Slow television - galfarragem
https://en.wikipedia.org/wiki/Slow_television
======
tgb
Reminds me of [http://astronaut.io/#](http://astronaut.io/#) \- a page that
plays Youtube videos that "no one" has seen before. Just random moments of
people's lives they wanted to capture, then a few seconds later, something
else. It's highly soothing and rather touching. Kids singing, school projects,
birthdays, strange nothings that you have no idea why they videoed, let alone
uploaded, it.

------
Angostura
The BBC had been showing some excellent slow TV recently on BBC 4. I
particularly liked the bus journey through the Yorkshire Dales
[https://www.bbc.co.uk/programmes/p044g8yx](https://www.bbc.co.uk/programmes/p044g8yx)
and Autralia's Ghan train - which runs North to South through the red centre
[https://www.bbc.co.uk/programmes/b0bq3jnv](https://www.bbc.co.uk/programmes/b0bq3jnv)

List of all the programmes in their slow season:
[https://en.wikipedia.org/wiki/BBC_Four_Goes_Slow](https://en.wikipedia.org/wiki/BBC_Four_Goes_Slow)

------
johnwatson11218
Doug Stanhope was talking about how he was in Norway and there was a 12 hour
show that was all about a single boat trip.
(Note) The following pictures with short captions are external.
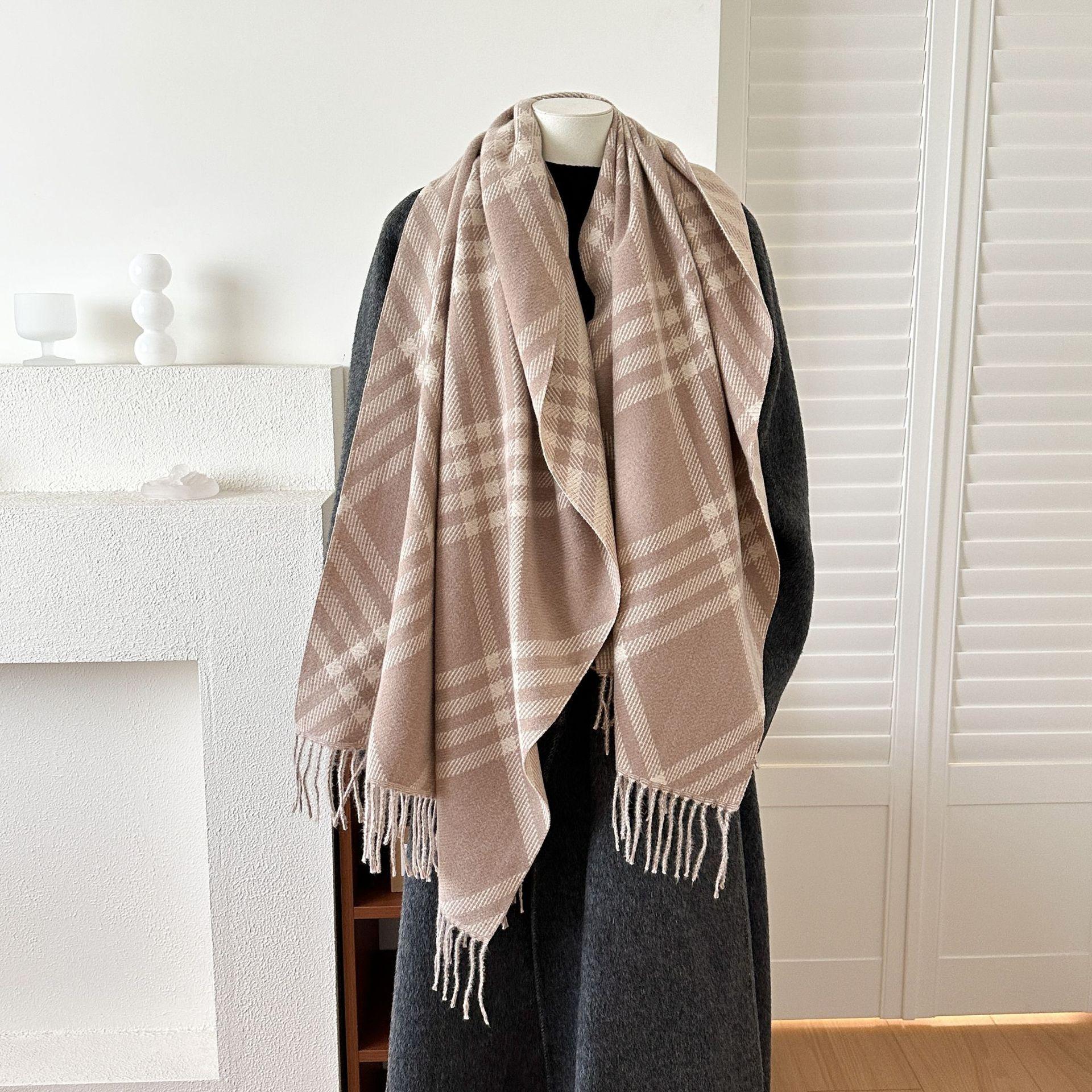 

Women S Retro Plaid Scarf - Geometric Pattern, Warm Fashion Winter Accessory for Casual or Formal Attire 65-190CM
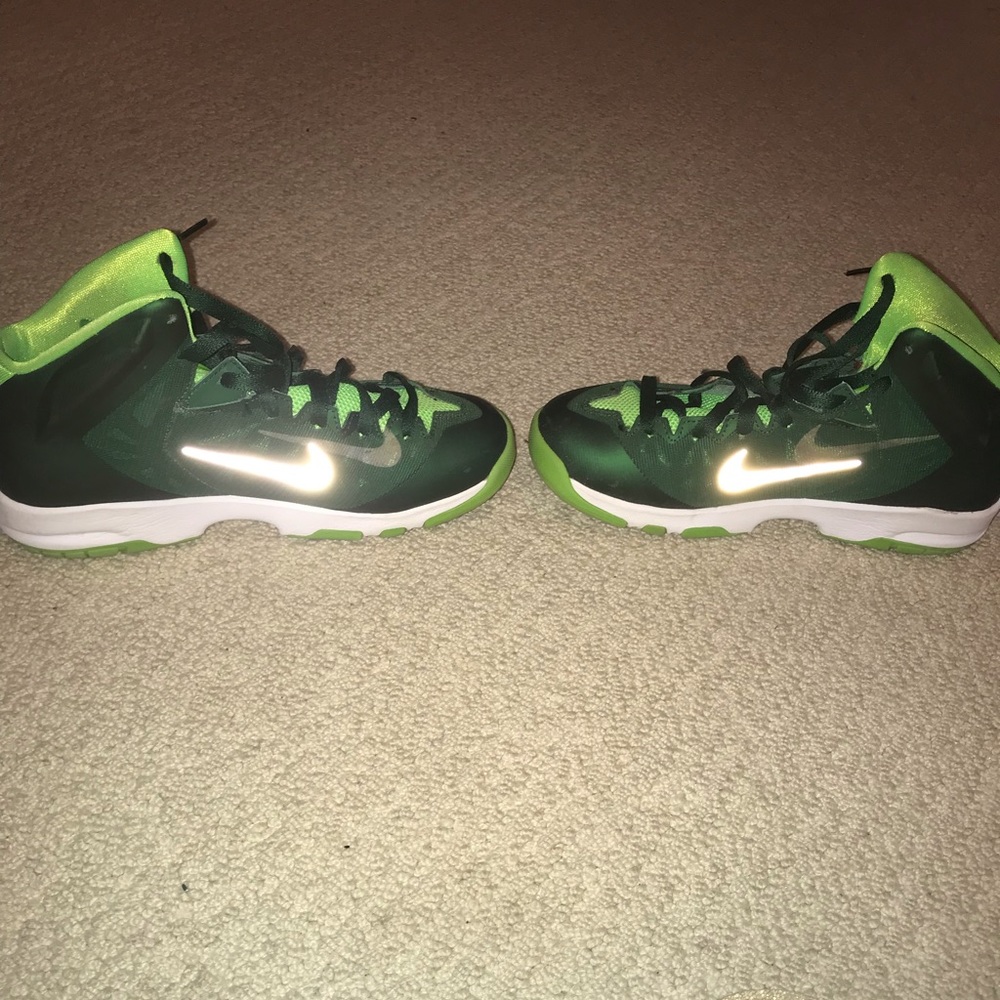 Nike HyperQuickness Basketball Shoes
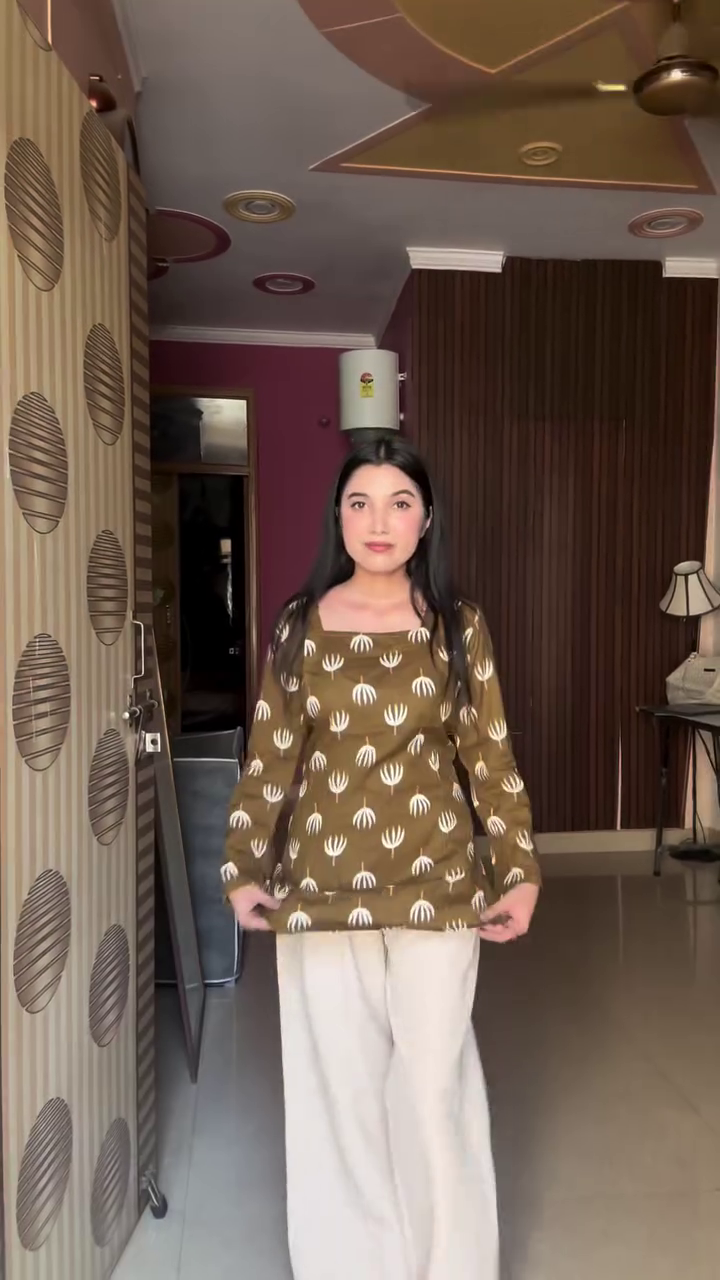 Women Maroon Printed Square Neck Kurta Palazzo Set - Image 5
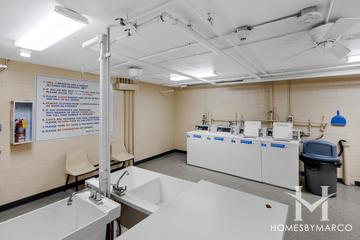 Skokie Terrace building in Skokie, IL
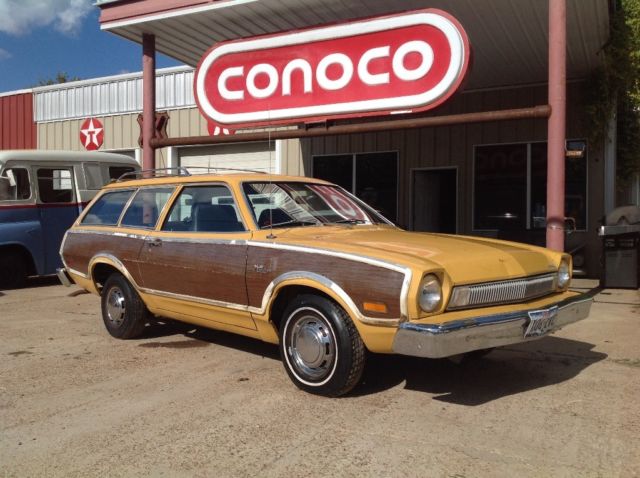 1974 Ford Pinto station wagon Squire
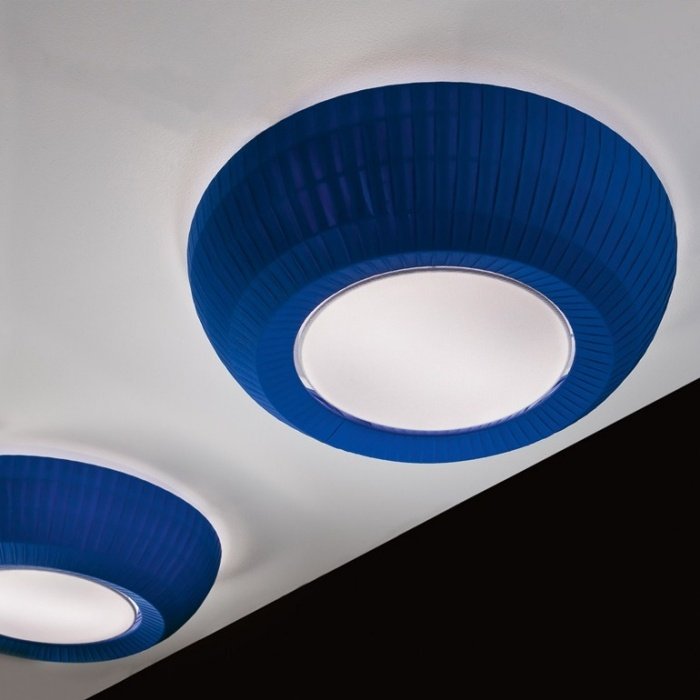 blå-loft-lys-i-stuen-stof-BELL-AXO-LIGHT-manuel-vivian-design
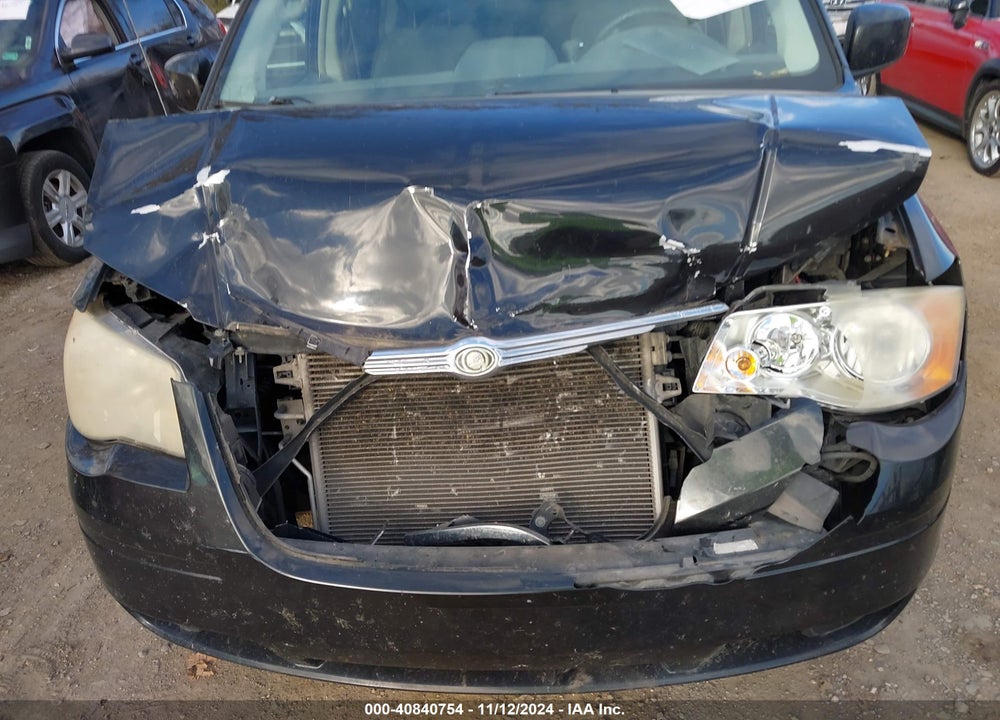 2010 CHRYSLER TOWN & COUNTRY TOURING VIN: 2A4RR5D11AR212453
He said he loved that kind of tv
and that even if he had been on that boat ride he would have stayed in his
cabin and just watched the televised version. He made a joke about how he
would have to stay and watch the whole thing just to see how it all turned
out.

------
galfarragem
Examples of slow TV:

[https://news.ycombinator.com/item?id=18457671](https://news.ycombinator.com/item?id=18457671)

[https://news.ycombinator.com/item?id=18458442](https://news.ycombinator.com/item?id=18458442)

------
jfoutz
Not exactly the same thing, but I found breath of the wild 100%speedruns
pretty calming and engaging. Mostly link running. Occasional intense battles.
Every 15 min or so, you see something really clever.

I know it’s not quite the same thing, but the game is so expansive I think it
points in the same direction.

------
snorkel
Reminds me of Desert Bus [https://www.newyorker.com/tech/annals-of-
technology/desert-b...](https://www.newyorker.com/tech/annals-of-
technology/desert-bus-the-very-worst-video-game-ever-created)

------
TheMiddleMan
[https://www.reddit.com/r/SlowTV/](https://www.reddit.com/r/SlowTV/)

------
kristianp
This reminds me of watching surfing competitions. Much of the time is spent
watching competitors wait for waves, which is very peaceful to watch.

It would be great if someone live-streamed walking along a beach for a few
hours.

------
toofy
I would love to see more content which falls in the between this and the
extremely overedited-for-excitement stuff which seems so pervasive now.

------
gm6001
The cycling grand tours are 95% slow TV actually.